*How to complete this task*
Word for word, restate the lines of the listing below from the line with "2013 Toyota Sienna Xle V6 8 Passenger" through the line with "The NestMaxx workspace, showing", and do not include the pictures.
:: Supplied records ::
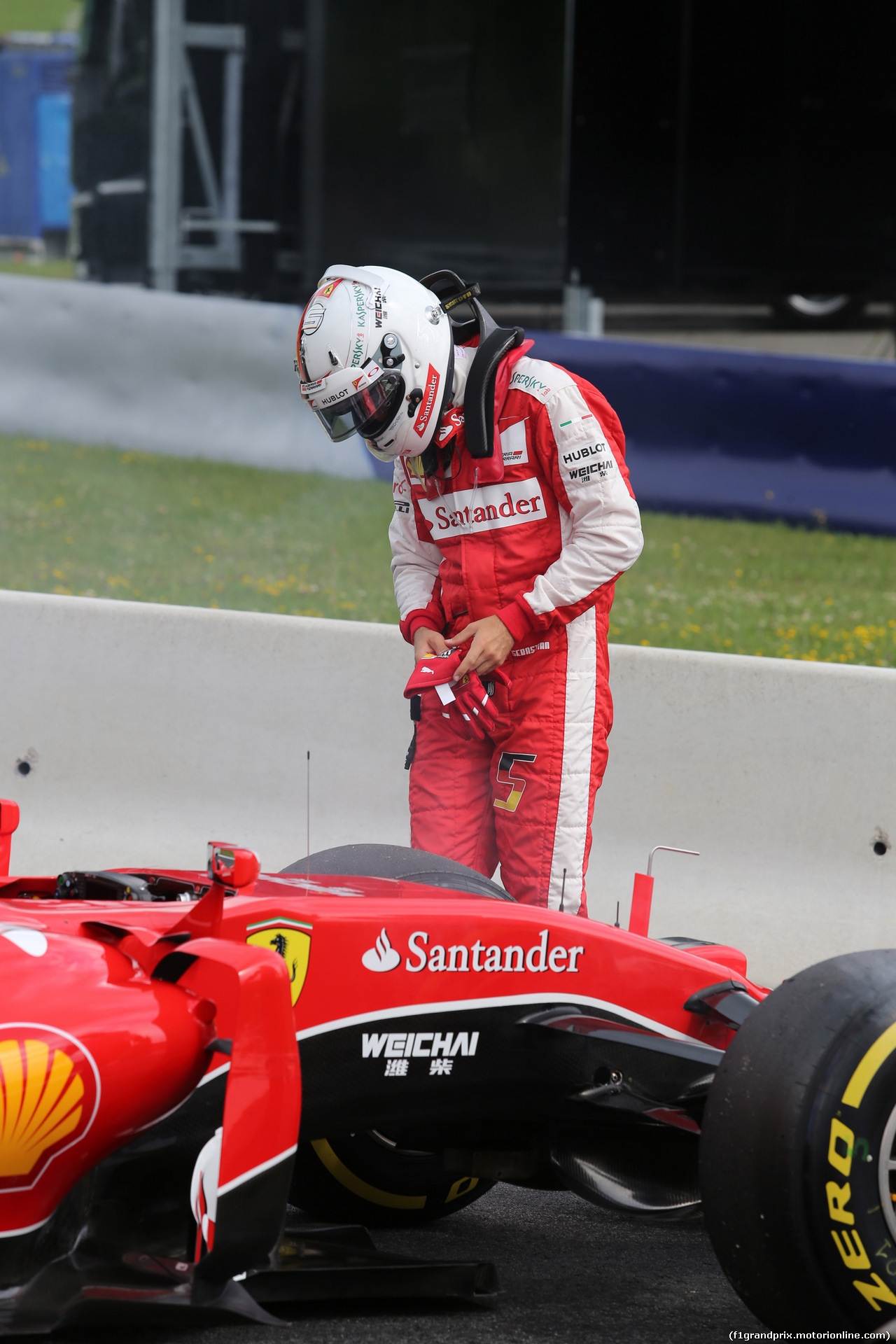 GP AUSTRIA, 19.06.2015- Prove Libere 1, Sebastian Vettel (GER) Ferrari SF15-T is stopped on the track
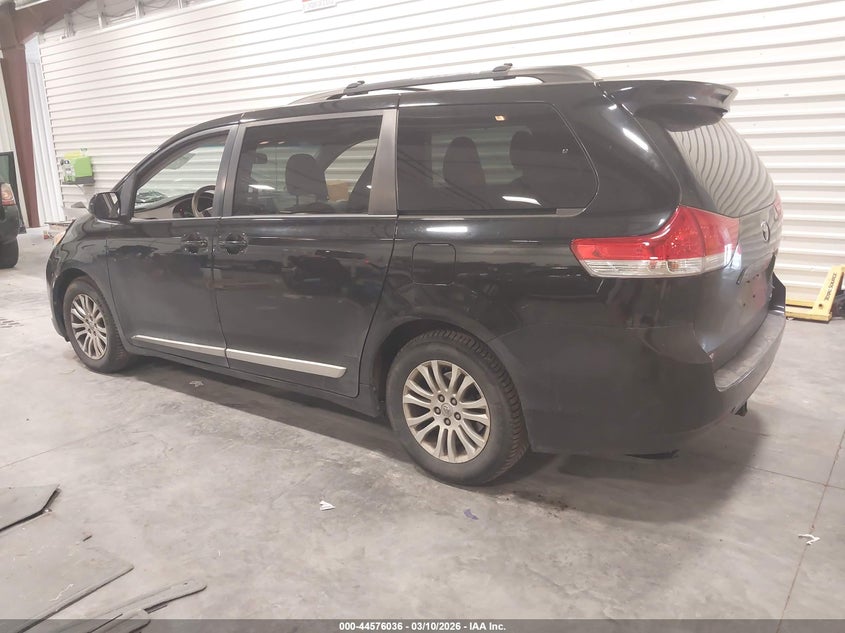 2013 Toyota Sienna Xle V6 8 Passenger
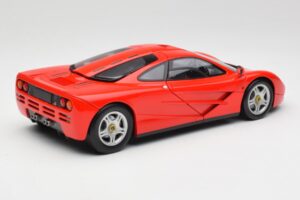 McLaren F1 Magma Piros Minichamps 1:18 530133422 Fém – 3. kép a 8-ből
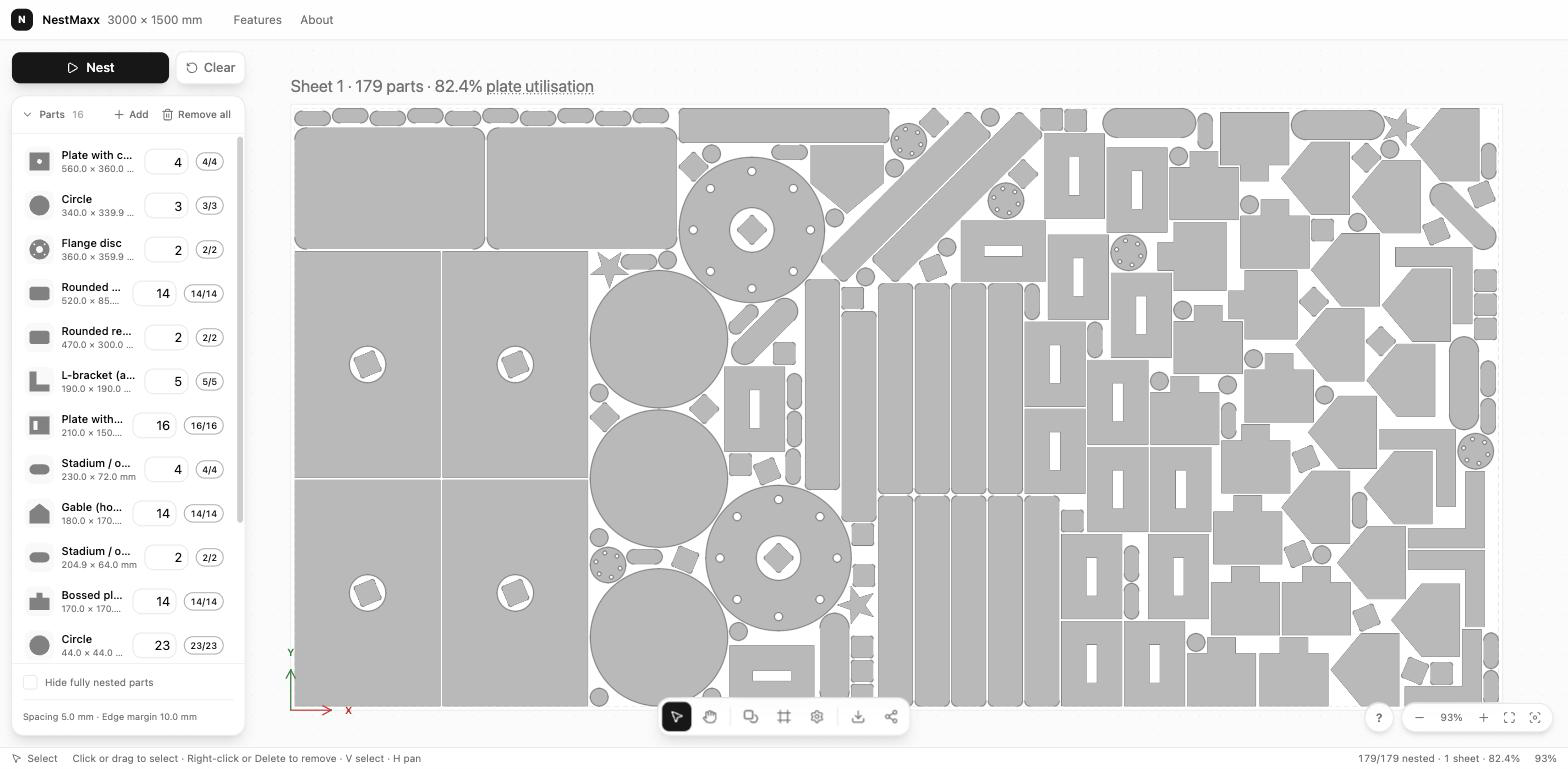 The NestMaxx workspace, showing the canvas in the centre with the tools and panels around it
:::
:: Supplied records ::
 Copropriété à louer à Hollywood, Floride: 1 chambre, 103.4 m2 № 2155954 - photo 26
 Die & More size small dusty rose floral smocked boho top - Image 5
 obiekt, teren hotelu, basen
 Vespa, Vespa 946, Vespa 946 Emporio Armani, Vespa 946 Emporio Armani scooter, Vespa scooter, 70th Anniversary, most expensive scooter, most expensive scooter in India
:::
*Output below*
 2013 Toyota Sienna Xle V6 8 Passenger
 McLaren F1 Magma Piros Minichamps 1:18 530133422 Fém – 3. kép a 8-ből
 The NestMaxx workspace, showing the canvas in the centre with the tools and panels around it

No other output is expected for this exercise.